Here’s the MWE that illustrates my plan:
import torch
from torch.utils.data import Dataset
from torch.utils.data import DataLoader
import numpy as np
class ExampleDataset(Dataset):
def __init__(self):
super(Dataset, self).__init__()
def __len__(self):
return 100000
def __getitem__(self, idx):
return np.random.rand(3)
def custom_collate_fn(batch):
batch = torch.tensor(batch)
# i'd like to pre-move the data to the GPU but i get an error here:
batch = batch.to('cuda', non_blocking=True)
return batch
batch_loader = DataLoader(
ExampleDataset(),
batch_size=100,
shuffle=True,
num_workers=8,
pin_memory=True,
collate_fn=custom_collate_fn
)
# training loop
NUM_EPOCHS = 10
for epoch in range(NUM_EPOCHS):
for batch_num, train_batch in enumerate(batch_loader, 0):
# usually i transfer the train_batch from CPU to GPU here
# that causes delays (i have huge batch-sizes)
print('training.')
Here’s the error that I get:
/local/home/venv/bin/python -u /local/home/BT/mwe.py
THCudaCheck FAIL file=/pytorch/aten/src/THC/THCGeneral.cpp line=55 error=3 : initialization error
THCudaCheck FAIL file=/pytorch/aten/src/THC/THCGeneral.cpp line=55 error=3 : initialization error
THCudaCheck FAIL file=/pytorch/aten/src/THC/THCGeneral.cpp line=55 error=3 : initialization error
THCudaCheck FAIL file=/pytorch/aten/src/THC/THCGeneral.cpp line=55 error=3 : initialization error
THCudaCheck FAIL file=/pytorch/aten/src/THC/THCGeneral.cpp line=55 error=3 : initialization error
THCudaCheck FAIL file=/pytorch/aten/src/THC/THCGeneral.cpp line=55 error=3 : initialization error
THCudaCheck FAIL file=/pytorch/aten/src/THC/THCGeneral.cpp line=55 error=3 : initialization error
Traceback (most recent call last):
File "/local/home/BT/mwe.py", line 39, in <module>
THCudaCheck FAIL file=/pytorch/aten/src/THC/THCGeneral.cpp line=55 error=3 : initialization error
for batch_num, train_batch in enumerate(batch_loader, 0):
File "/local/home/venv/lib/python3.5/site-packages/torch/utils/data/dataloader.py", line 582, in __next__
return self._process_next_batch(batch)
File "/local/home/venv/lib/python3.5/site-packages/torch/utils/data/dataloader.py", line 608, in _process_next_batch
raise batch.exc_type(batch.exc_msg)
RuntimeError: Traceback (most recent call last):
File "/local/home/venv/lib/python3.5/site-packages/torch/utils/data/_utils/worker.py", line 99, in _worker_loop
samples = collate_fn([dataset[i] for i in batch_indices])
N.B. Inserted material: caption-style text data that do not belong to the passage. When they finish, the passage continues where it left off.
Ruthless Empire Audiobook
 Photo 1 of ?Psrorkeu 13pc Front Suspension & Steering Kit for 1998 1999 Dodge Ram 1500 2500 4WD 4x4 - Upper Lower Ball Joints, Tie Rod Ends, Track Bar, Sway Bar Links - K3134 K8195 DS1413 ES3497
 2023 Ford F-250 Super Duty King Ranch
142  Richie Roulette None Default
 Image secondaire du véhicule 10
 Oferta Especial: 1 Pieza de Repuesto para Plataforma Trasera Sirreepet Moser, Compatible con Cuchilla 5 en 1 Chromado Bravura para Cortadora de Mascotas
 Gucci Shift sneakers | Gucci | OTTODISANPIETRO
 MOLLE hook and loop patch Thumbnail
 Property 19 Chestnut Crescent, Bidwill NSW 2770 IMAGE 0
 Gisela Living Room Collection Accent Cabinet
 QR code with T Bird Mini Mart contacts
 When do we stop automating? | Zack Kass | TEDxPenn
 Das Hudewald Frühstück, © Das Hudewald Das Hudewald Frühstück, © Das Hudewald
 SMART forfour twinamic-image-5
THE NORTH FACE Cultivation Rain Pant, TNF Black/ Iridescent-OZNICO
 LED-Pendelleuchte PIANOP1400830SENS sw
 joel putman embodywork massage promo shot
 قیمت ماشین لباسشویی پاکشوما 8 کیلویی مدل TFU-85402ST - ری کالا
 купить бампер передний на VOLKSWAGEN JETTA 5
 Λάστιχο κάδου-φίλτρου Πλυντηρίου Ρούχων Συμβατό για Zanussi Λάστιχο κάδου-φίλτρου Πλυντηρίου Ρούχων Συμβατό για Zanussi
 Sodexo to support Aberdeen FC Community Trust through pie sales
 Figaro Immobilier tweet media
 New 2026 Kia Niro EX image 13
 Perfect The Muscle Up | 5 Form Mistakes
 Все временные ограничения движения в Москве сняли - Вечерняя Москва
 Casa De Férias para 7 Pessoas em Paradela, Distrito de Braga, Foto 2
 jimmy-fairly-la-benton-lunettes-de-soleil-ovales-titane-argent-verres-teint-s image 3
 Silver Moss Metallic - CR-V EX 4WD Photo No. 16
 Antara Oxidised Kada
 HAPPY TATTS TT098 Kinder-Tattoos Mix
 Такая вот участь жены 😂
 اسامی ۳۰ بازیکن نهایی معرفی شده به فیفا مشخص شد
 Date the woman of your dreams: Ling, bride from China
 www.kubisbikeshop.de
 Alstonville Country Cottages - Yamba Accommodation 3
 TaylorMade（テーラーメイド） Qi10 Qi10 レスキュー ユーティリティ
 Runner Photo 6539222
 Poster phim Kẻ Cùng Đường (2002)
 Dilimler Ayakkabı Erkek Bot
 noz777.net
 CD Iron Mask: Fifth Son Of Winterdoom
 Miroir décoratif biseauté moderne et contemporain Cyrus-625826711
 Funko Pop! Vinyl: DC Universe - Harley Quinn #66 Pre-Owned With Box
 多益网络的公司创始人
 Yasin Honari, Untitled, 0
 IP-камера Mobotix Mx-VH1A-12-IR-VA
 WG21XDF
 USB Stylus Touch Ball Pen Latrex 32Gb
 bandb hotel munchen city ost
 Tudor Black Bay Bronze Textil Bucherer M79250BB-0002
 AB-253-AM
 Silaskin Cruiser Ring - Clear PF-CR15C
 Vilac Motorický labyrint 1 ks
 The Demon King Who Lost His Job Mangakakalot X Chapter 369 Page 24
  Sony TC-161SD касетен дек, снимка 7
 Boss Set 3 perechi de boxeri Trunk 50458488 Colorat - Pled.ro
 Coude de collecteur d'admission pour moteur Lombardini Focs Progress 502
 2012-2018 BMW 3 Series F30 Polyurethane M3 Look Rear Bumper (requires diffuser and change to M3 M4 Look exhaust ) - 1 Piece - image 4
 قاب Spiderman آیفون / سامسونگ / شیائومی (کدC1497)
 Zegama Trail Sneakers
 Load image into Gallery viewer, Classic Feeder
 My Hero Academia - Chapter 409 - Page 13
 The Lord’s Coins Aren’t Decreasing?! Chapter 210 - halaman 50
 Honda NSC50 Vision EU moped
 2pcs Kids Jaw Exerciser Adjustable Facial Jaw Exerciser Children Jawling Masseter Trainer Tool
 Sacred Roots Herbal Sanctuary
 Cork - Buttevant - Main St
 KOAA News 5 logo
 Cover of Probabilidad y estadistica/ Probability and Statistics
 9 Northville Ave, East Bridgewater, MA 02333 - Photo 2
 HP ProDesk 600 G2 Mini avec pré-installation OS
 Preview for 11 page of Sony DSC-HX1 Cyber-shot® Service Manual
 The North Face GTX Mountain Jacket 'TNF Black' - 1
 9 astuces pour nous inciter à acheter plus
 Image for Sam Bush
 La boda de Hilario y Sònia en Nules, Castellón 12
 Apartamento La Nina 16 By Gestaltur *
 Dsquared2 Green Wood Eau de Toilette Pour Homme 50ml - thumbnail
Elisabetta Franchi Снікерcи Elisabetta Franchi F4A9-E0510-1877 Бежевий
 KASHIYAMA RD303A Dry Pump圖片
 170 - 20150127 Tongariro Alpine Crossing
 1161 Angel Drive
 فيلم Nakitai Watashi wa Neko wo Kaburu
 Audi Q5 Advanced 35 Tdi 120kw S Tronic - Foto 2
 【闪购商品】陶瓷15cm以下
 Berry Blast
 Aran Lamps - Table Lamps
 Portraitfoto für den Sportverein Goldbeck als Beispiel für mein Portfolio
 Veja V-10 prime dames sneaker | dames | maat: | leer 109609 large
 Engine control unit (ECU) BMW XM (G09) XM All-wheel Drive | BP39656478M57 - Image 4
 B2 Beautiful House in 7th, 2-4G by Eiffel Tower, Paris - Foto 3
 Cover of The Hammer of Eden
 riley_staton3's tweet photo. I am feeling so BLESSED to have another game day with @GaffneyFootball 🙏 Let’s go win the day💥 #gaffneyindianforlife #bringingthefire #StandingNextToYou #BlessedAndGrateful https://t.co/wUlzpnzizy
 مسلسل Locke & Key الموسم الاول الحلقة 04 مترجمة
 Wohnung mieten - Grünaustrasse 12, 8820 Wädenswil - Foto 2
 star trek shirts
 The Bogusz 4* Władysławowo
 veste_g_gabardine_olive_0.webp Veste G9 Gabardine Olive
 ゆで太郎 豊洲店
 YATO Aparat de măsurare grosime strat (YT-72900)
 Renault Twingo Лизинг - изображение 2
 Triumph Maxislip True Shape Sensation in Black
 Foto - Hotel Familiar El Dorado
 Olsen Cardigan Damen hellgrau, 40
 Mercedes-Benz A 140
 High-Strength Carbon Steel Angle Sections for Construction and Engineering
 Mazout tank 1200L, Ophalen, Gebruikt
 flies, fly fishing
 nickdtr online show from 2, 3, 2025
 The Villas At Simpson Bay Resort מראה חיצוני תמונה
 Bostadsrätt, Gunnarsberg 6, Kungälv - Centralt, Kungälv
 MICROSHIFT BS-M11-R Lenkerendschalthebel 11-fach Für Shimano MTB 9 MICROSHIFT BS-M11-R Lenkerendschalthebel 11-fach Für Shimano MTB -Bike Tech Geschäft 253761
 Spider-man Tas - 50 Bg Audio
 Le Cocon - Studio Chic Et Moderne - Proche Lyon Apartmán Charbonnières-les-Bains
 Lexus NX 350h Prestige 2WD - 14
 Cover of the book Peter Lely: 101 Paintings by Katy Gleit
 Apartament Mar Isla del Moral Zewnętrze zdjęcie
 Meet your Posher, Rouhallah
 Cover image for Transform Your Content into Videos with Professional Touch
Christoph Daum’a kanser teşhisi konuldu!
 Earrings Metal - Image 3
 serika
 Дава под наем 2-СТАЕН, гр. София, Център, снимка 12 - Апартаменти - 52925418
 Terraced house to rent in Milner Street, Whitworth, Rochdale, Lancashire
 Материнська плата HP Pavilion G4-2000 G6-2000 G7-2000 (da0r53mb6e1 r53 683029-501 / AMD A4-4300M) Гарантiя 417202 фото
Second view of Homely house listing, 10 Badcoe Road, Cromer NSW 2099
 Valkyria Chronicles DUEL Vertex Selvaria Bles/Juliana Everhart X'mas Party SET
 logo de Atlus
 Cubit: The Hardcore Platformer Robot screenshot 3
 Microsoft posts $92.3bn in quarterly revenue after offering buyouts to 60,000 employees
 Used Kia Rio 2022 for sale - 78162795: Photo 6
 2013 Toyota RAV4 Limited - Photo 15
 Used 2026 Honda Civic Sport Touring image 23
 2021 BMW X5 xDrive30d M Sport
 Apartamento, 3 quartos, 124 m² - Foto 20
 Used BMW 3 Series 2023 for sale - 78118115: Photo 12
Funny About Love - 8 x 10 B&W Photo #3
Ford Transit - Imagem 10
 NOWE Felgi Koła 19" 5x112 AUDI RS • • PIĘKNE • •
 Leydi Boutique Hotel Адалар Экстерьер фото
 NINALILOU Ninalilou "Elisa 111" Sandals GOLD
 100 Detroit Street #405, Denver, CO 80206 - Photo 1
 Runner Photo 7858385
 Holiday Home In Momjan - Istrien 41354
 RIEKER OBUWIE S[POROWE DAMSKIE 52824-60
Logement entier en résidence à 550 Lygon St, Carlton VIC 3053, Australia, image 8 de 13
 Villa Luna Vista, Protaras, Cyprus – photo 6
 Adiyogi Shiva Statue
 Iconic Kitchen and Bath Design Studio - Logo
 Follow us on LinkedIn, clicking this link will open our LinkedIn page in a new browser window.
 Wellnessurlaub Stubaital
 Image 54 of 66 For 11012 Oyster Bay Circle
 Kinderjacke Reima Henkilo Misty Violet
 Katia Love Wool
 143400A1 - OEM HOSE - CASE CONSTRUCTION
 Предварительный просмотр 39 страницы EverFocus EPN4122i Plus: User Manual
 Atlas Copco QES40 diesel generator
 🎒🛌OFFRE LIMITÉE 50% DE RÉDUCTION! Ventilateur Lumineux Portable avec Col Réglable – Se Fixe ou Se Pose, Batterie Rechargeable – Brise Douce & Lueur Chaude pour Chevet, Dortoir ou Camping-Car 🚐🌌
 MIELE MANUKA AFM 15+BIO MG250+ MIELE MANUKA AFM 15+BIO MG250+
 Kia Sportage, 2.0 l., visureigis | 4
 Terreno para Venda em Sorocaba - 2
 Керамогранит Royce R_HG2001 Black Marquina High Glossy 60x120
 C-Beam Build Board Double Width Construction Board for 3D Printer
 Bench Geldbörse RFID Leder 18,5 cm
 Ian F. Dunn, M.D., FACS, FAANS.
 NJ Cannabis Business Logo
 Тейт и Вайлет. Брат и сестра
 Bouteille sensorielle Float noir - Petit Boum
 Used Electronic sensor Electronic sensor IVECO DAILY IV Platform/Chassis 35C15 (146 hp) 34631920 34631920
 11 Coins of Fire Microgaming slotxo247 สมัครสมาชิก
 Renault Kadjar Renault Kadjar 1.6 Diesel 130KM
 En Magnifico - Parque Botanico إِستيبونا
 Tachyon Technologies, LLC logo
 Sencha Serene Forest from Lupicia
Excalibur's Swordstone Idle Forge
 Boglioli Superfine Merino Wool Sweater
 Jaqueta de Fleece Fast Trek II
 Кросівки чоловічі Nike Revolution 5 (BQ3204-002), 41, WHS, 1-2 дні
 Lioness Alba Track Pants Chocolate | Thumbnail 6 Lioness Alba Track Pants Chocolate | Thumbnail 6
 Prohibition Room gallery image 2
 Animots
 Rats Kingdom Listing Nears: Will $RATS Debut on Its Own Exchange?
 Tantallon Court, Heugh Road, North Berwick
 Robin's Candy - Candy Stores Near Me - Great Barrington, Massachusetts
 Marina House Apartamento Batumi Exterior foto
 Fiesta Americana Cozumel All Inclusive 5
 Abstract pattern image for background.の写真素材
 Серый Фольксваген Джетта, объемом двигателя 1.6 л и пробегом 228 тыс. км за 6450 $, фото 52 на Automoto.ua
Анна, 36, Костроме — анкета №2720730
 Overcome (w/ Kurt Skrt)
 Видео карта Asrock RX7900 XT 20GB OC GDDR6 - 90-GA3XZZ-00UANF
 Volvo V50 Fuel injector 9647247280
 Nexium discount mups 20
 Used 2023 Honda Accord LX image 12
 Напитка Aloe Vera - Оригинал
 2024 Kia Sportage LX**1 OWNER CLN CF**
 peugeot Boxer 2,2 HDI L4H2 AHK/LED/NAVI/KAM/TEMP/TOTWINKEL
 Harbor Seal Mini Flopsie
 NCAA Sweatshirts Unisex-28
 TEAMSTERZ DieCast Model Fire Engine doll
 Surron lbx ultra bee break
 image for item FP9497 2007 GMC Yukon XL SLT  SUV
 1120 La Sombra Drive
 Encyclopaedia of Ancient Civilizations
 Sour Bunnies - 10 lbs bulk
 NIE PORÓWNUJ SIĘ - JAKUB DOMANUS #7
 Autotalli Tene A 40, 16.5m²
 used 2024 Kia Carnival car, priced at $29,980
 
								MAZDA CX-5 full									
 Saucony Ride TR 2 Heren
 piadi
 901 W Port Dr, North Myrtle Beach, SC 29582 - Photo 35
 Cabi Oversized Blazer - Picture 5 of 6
File "/local/home/BT/mwe.py", line 22, in custom_collate_fn
batch = batch.to('cuda', non_blocking=True)
File "/local/home/venv/lib/python3.5/site-packages/torch/cuda/__init__.py", line 163, in _lazy_init
torch._C._cuda_init()
RuntimeError: cuda runtime error (3) : initialization error at /pytorch/aten/src/THC/THCGeneral.cpp:55
Process finished with exit code 1
Do you know how I could achieve my plan? Unfortunately I can’t get rid of this error (I’ve tried setting torch.multiprocessing modes, but that didn’t help).